Although binge-eating frequency reduced significantly during this 12-week RCT (mean reduction of approximately 10 episodes/monthly), naltrexone-bupropion and placebo did not differ significantly. Binge-eating remission rates in this RCT also did not differ significantly between naltrexone/bupropion (37.2%) and placebo (45.7%). A previous RCT (26) found naltrexone/bupropion was superior to placebo in binge-eating remission rates but not binge-eating frequency at posttreatment. Remission rates observed in this RCT are substantially higher than those reported recently for naltrexone/bupropion (18.8%) and placebo (11.8%) in a RCT testing naltrexone/bupropion and behavior therapy for BED in patients with obesity (26). These discrepant findings are puzzling especially considering the striking similarities in the RCTs: both were performed during the same time period (2018–2021), at the same site, by the same investigative team, using the same evaluation methods, and the same treatments. We highlight that high placebo response rates have been reported in pharmacological RCTs for BED (e.g., 37,38); however, reviews of RCTs (8,16) have generally reported variability in placebo responses for BED that—while higher than for other eating disorders such as bulimia nervosa—generally approximate rates reported for other psychiatric disorders such as depression (39).
Naltrexone/bupropion demonstrated effectiveness relative to placebo for acute weight reduction. In this 12-week RCT, naltrexone/bupropion was associated with significantly greater weight loss than placebo (mean of approximately 3.4% weight loss versus 0.1%, respectively) and with significantly greater proportion of attaining >5% weight loss (27.9% vs 6.5%, respectively). A previous RCT testing naltrexone/bupropion—which observed roughly comparable percent weight loss findings and proportions attaining >5% weight loss (18.8% for naltrexone/bupropion versus 11.8% for placebo)—found that naltrexone/bupropion was not statistically superior to placebo.
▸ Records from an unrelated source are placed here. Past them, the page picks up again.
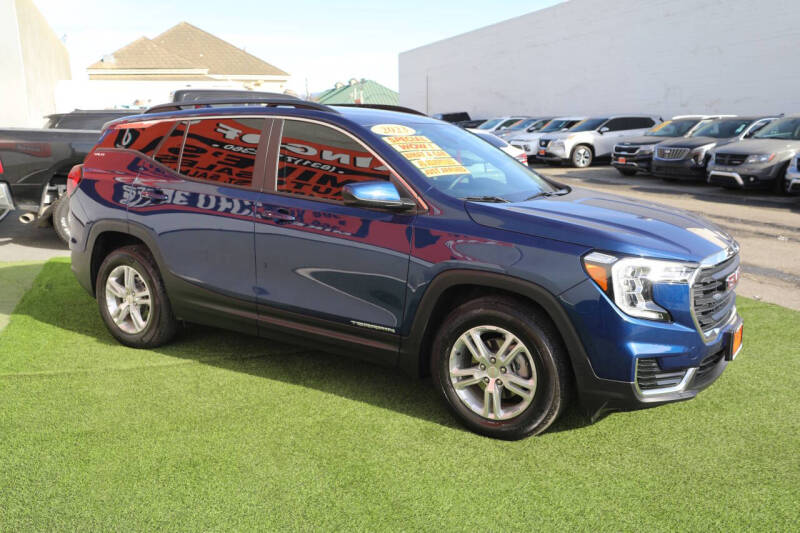 2023 GMC Terrain SLE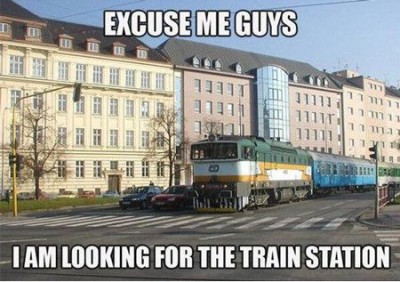 Excuse me! I'm looking for the train station!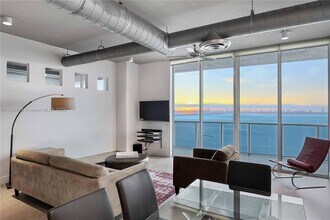 Building Photo - 700 NE 25th St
The weight losses observed in the present and previous (26) RCTs are more modest than the roughly 6.1% reported in the longer 24-week RCTs testing naltrexone/bupropion for obesity in patients without BED (24). Since this trial’s duration was half the duration of the previous obesity trials (24), the weight loss of ~3.4%, which is approximately half of 6.1% makes sense; visual inspection of the weight loss curve in Figure 1 suggests that the participants had not yet attained weight nadir or plateau.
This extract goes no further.